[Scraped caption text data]
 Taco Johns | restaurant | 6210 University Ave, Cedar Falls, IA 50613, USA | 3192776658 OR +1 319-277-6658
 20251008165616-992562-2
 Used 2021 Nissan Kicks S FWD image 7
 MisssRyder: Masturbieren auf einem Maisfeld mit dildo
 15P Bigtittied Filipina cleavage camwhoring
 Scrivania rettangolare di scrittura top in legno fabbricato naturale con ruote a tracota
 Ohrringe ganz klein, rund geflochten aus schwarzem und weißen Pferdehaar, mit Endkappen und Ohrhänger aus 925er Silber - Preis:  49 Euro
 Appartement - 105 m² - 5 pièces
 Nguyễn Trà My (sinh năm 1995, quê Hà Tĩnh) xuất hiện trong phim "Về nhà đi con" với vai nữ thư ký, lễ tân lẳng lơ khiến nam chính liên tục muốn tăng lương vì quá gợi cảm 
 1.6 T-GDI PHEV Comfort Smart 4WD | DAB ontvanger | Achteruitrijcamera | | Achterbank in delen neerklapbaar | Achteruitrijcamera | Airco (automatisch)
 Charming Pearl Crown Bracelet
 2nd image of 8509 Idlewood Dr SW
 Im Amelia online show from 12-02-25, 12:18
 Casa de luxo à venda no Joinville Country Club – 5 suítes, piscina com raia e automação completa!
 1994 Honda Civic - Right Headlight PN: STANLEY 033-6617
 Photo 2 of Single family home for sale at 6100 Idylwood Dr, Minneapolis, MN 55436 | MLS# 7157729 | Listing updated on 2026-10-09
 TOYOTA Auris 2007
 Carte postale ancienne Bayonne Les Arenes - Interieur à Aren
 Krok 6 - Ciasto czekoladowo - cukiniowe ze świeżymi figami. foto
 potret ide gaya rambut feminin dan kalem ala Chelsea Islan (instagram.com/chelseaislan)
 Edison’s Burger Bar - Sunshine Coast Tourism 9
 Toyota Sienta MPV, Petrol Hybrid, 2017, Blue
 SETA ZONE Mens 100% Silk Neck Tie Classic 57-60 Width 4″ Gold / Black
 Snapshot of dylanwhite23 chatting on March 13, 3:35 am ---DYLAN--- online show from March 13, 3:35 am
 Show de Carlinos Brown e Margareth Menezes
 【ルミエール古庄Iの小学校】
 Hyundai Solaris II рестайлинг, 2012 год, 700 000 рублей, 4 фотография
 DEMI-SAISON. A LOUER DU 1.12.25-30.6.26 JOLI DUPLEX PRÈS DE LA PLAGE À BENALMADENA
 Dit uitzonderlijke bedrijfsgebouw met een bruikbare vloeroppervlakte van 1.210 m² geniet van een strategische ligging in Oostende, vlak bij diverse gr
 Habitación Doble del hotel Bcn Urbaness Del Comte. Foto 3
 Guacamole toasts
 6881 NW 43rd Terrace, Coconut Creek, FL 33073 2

= Requirement =
Which lines above run from the one containing "20251008165616-992562-2" down to the one containing "Appartement - 105 m² - 5 pièces"? Repeat exactly those, both ends included, and nothing else.

= Solution for this problem =
 20251008165616-992562-2
 Used 2021 Nissan Kicks S FWD image 7
 MisssRyder: Masturbieren auf einem Maisfeld mit dildo
 15P Bigtittied Filipina cleavage camwhoring
 Scrivania rettangolare di scrittura top in legno fabbricato naturale con ruote a tracota
 Ohrringe ganz klein, rund geflochten aus schwarzem und weißen Pferdehaar, mit Endkappen und Ohrhänger aus 925er Silber - Preis:  49 Euro
 Appartement - 105 m² - 5 pièces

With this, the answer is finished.